Unfortunately, because Actblue does not collect that sort of data from their users when they make donations, it’s hard to produce and analyze the figures to answer those questions. This arguably makes it even harder for the Democratic party to identify who its constituents are. There’s not even a way to track whether or not the same people who donate, are the same people that turnout come voting day. Similarly, there’s no way of identifying those individual’s stance on healthcare, criminal justice or even education. To add to the issue, small donors come from all over the country. When Beto challenged Ted Cruz in the Senate Race this past year in Texas, about 48% of his Actblue donations came from outside of Texas. Though there were generally a large amount of donations coming from Texas specifically, Actblue’s Executive Director Erin Hill attributes that to Texas’ large population, even though it’s a red state. Most of the cash is coming from Texas’ three major democratic cities: Houston, Austin and Dallas. 

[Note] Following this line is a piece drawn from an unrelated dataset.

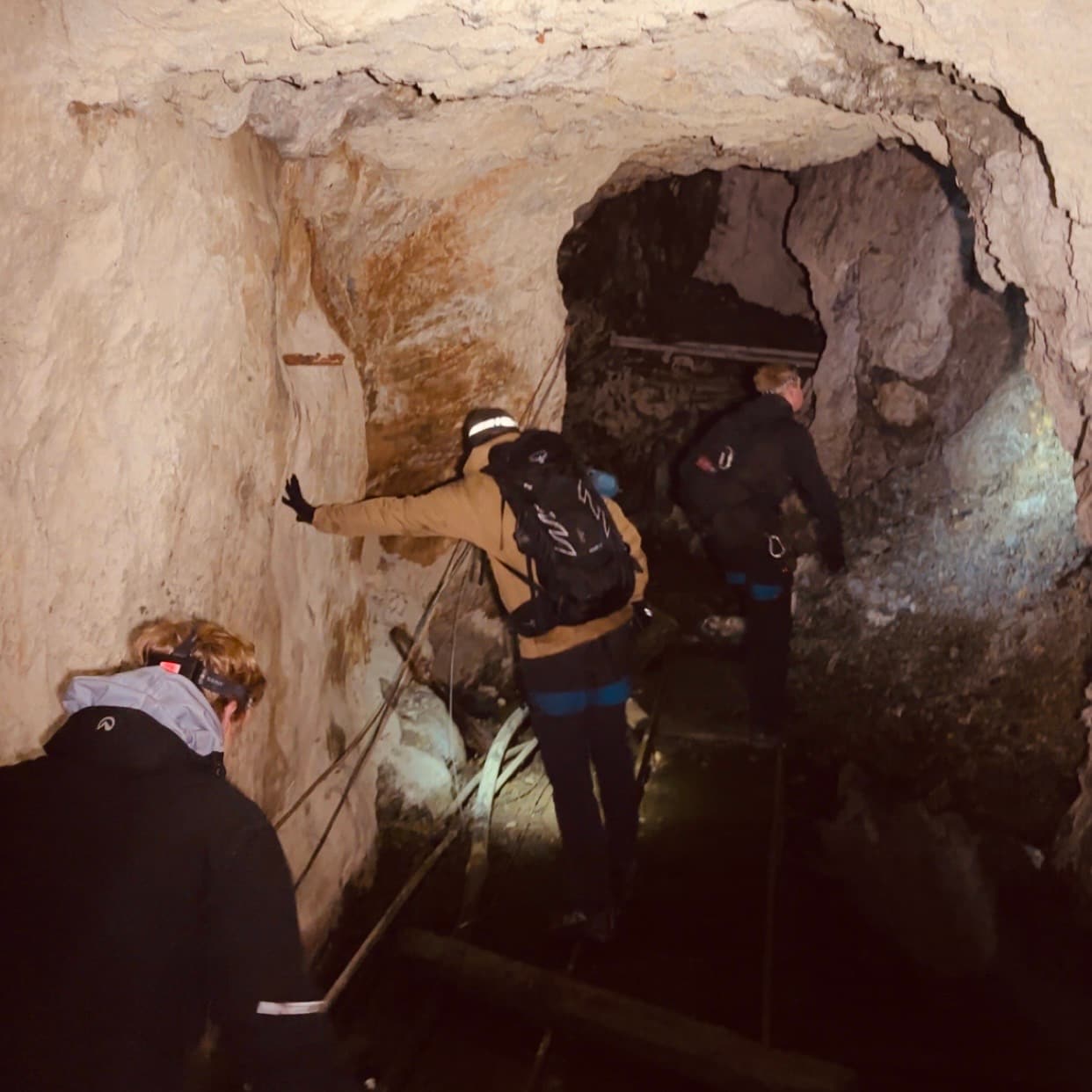 Tre personer med hodelykter utforsker en grotte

The motivation for small donors can come from almost anywhere, a moving quote or even a political event. Actblue made an upwards of $1.3 million in Quarter 2 specifically for parents who had been separated from their children at the U.S Mexico border in 2017. This is surely an example of small dollar donations being used for good. However, the Democratic party in rejecting Super PAC money has been increasingly reliant on small dollar donations. It was also helpful that the Republican Party didn’t have their own version of “Actblue” til now. Thomas Edsall, Columnist for the NY Times addresses the slipping coalitions in the Democratic Party in multiple articles, most notably The Heartland is Moving Different Directions. In the aforementioned article, he addresses that within the Democratic Party the Moderate to consertive wing is more diverse than we think it is. A Pew Study outlines that in 2016, the democratic party was 57% White, 21% Black and 12% Hispanic. Furthermore, the number of people who consider themselves to be “Liberal” in the Midwest (Ohio, Michigan, Indiana, Wisconsin, Minnesota, North and South Dakota, Iowa, Illinois, Nebraska, Missouri  and Kansas) is dropping. 2010 = 23%; 2017: 23% meanwhile those who consider themselves moderate have increased from 33% to 37%. As younger migrants move to cities to look for better education and jobs, they are impacting the demographic shift of those areas and leaving elders behind. These areas as being “Midwestern hubs” which can consists of cities like Columbus, Kansas City, Des Moines, Madison, Minneapolis-St. Paul. These are all external demographic changes that the party needs to pay more attention to in order to determine who the voting democratic coalition actually is. Though small donors contribute a great deal financially to campaigns, at the end of the day, we don’t know who they are and to what extent those numbers actually matter.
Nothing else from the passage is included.